---------- Task material ----------

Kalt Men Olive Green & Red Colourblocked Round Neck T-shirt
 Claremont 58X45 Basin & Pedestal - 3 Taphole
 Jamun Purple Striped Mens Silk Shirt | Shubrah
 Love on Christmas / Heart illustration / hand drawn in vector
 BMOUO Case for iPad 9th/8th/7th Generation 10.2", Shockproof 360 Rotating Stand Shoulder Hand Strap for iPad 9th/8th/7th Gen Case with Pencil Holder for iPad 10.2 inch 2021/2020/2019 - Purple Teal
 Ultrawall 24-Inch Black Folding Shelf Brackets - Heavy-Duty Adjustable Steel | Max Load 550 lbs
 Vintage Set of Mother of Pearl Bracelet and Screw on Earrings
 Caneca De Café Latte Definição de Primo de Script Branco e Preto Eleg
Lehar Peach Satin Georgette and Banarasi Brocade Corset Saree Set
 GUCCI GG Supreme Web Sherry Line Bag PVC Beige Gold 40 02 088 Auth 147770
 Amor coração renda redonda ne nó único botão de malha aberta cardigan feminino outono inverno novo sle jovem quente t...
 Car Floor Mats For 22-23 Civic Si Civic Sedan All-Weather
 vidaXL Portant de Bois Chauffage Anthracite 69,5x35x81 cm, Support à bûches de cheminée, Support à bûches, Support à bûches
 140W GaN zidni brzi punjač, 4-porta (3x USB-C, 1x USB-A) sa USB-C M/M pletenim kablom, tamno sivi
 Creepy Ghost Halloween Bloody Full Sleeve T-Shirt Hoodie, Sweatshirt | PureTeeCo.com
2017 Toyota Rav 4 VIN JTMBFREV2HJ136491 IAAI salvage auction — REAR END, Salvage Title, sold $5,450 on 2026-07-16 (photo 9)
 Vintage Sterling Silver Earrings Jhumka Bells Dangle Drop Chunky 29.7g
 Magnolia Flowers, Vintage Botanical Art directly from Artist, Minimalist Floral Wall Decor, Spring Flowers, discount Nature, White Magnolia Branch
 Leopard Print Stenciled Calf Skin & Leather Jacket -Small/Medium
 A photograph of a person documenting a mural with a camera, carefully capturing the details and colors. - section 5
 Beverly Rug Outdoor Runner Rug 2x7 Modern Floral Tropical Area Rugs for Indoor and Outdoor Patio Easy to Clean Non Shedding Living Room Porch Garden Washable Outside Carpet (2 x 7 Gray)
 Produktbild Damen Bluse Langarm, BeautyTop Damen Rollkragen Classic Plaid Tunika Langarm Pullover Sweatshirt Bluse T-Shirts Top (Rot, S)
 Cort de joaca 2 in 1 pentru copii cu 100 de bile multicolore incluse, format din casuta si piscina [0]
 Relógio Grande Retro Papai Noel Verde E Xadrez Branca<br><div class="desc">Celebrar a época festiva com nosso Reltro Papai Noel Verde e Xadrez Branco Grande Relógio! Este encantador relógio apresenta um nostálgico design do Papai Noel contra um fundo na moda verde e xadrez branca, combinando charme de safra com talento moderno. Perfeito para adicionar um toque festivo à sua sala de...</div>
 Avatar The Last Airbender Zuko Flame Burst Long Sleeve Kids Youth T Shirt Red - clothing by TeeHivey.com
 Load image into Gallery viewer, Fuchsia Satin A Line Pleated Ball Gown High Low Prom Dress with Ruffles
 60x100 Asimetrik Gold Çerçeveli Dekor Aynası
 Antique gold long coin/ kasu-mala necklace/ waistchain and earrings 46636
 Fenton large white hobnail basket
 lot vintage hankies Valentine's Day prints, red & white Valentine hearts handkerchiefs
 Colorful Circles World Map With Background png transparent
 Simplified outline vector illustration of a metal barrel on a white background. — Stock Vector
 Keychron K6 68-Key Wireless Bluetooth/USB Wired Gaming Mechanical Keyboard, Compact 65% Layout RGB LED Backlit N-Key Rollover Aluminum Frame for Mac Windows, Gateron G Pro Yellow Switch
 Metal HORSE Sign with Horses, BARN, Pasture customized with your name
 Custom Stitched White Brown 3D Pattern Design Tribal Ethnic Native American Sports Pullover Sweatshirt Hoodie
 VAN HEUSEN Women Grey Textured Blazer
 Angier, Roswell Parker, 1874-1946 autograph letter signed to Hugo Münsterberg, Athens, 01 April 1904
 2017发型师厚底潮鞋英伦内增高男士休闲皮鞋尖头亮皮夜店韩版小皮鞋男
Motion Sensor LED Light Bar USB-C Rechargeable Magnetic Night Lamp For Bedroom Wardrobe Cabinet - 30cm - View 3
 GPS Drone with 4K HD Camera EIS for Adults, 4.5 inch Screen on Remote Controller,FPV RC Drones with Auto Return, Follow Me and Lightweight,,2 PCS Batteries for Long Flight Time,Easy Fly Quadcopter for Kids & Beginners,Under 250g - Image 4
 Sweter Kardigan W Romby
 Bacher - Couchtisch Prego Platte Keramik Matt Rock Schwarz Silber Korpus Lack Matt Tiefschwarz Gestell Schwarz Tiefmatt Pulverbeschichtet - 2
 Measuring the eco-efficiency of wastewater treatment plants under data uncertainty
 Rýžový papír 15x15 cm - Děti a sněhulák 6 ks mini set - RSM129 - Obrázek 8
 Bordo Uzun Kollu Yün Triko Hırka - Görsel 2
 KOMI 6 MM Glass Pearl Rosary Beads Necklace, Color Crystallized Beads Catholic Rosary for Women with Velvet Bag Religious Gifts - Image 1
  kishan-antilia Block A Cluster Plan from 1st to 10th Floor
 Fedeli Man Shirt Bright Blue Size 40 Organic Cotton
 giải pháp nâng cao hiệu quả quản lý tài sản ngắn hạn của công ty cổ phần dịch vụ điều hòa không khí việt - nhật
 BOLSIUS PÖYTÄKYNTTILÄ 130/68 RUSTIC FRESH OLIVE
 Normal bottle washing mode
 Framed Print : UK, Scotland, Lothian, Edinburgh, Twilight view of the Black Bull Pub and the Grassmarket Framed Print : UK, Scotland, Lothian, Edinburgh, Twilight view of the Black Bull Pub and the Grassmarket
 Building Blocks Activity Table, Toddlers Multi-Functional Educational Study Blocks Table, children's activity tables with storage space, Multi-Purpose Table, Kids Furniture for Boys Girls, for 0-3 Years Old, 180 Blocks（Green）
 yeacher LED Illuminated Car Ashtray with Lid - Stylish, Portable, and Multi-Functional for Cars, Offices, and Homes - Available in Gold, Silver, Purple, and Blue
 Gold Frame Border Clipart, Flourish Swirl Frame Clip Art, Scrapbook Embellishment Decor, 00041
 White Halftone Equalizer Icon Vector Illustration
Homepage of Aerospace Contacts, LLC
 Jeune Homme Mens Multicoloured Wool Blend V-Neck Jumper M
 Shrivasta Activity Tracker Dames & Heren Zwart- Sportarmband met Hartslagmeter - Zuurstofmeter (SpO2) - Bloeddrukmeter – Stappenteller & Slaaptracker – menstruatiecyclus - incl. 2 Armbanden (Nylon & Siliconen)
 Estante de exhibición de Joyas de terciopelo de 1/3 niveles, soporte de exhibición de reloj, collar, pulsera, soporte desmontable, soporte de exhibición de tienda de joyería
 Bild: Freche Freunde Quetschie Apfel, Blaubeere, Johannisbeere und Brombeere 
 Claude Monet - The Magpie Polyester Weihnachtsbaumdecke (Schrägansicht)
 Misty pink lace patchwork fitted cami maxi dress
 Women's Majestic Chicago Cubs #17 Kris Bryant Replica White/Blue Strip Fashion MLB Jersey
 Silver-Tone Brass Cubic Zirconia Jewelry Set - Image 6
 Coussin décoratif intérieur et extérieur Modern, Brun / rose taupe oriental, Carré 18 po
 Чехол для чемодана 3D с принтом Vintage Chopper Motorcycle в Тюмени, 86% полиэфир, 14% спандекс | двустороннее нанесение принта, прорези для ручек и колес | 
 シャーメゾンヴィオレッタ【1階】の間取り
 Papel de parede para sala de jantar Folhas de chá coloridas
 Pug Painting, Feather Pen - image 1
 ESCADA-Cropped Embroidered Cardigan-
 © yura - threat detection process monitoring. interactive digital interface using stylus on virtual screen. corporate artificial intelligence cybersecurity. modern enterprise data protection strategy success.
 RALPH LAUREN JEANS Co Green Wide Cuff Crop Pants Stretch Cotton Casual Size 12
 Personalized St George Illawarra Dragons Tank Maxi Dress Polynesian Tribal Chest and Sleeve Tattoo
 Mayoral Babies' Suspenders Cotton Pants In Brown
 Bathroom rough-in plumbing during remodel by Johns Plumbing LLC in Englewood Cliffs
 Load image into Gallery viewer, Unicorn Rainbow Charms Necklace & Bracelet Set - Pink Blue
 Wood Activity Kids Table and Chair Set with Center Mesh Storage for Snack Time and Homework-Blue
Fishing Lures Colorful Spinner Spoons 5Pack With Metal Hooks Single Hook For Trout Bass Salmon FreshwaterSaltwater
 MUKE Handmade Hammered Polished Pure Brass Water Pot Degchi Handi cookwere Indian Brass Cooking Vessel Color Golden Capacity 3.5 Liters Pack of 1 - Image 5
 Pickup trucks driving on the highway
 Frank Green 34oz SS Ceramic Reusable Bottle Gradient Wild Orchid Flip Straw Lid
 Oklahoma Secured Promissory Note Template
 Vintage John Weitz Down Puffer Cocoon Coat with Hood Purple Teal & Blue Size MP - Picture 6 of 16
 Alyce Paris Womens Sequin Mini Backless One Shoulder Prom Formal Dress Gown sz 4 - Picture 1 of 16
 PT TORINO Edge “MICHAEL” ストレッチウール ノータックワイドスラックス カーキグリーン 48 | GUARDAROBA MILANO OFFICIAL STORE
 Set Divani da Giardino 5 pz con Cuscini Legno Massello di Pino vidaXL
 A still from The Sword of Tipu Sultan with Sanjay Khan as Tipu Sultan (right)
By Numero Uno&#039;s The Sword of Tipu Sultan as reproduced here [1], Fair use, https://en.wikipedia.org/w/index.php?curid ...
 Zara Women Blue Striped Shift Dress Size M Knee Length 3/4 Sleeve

----------

Brief: Start with the line above that contains "Wood Activity Kids" and end with the line that contains "Vintage John Weitz". Write out those lines exactly, and only those.

Written answer:
 Wood Activity Kids Table and Chair Set with Center Mesh Storage for Snack Time and Homework-Blue
Fishing Lures Colorful Spinner Spoons 5Pack With Metal Hooks Single Hook For Trout Bass Salmon FreshwaterSaltwater
 MUKE Handmade Hammered Polished Pure Brass Water Pot Degchi Handi cookwere Indian Brass Cooking Vessel Color Golden Capacity 3.5 Liters Pack of 1 - Image 5
 Pickup trucks driving on the highway
 Frank Green 34oz SS Ceramic Reusable Bottle Gradient Wild Orchid Flip Straw Lid
 Oklahoma Secured Promissory Note Template
 Vintage John Weitz Down Puffer Cocoon Coat with Hood Purple Teal & Blue Size MP - Picture 6 of 16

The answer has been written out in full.